RECORDS PROVIDED Start Marker
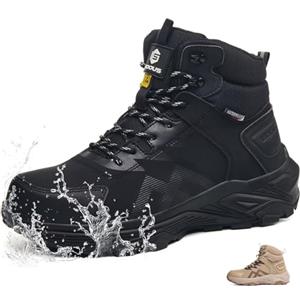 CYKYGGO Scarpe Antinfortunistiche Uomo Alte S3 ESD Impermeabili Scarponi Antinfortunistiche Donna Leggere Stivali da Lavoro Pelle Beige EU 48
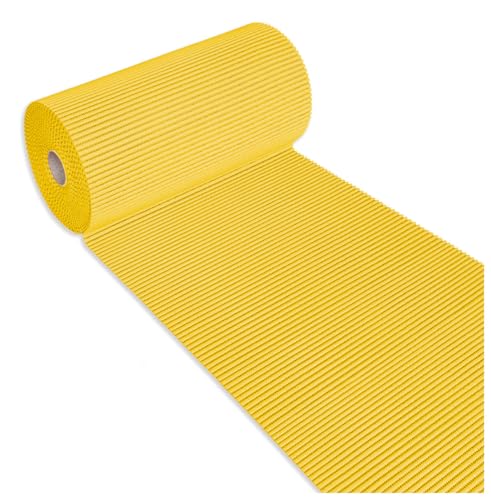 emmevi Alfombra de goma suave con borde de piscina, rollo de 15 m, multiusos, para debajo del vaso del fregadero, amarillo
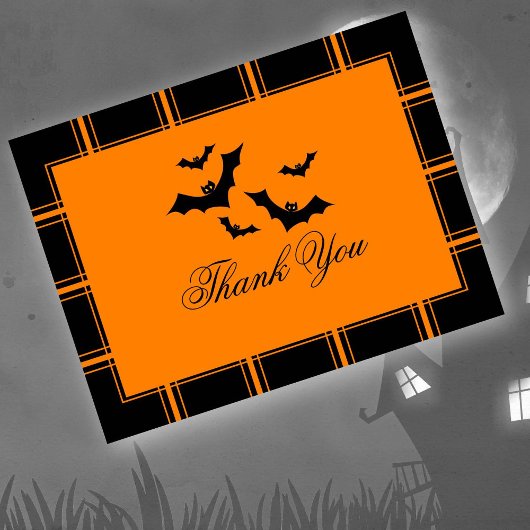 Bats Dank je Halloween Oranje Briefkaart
RECORDS PROVIDED End Marker
RECORDS PROVIDED Start Marker
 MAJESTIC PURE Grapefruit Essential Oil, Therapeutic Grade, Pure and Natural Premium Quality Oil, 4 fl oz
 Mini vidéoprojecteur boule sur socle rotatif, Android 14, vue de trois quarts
RECORDS PROVIDED End Marker
All that should appear in the answer is the lines above from the line with "CYKYGGO Scarpe Antinfortunistiche" through the line with "Bats Dank je Halloween Oranje Briefkaart", retyped exactly, pictures left out.

■ FINISHED TASK
 CYKYGGO Scarpe Antinfortunistiche Uomo Alte S3 ESD Impermeabili Scarponi Antinfortunistiche Donna Leggere Stivali da Lavoro Pelle Beige EU 48
 emmevi Alfombra de goma suave con borde de piscina, rollo de 15 m, multiusos, para debajo del vaso del fregadero, amarillo
 Bats Dank je Halloween Oranje Briefkaart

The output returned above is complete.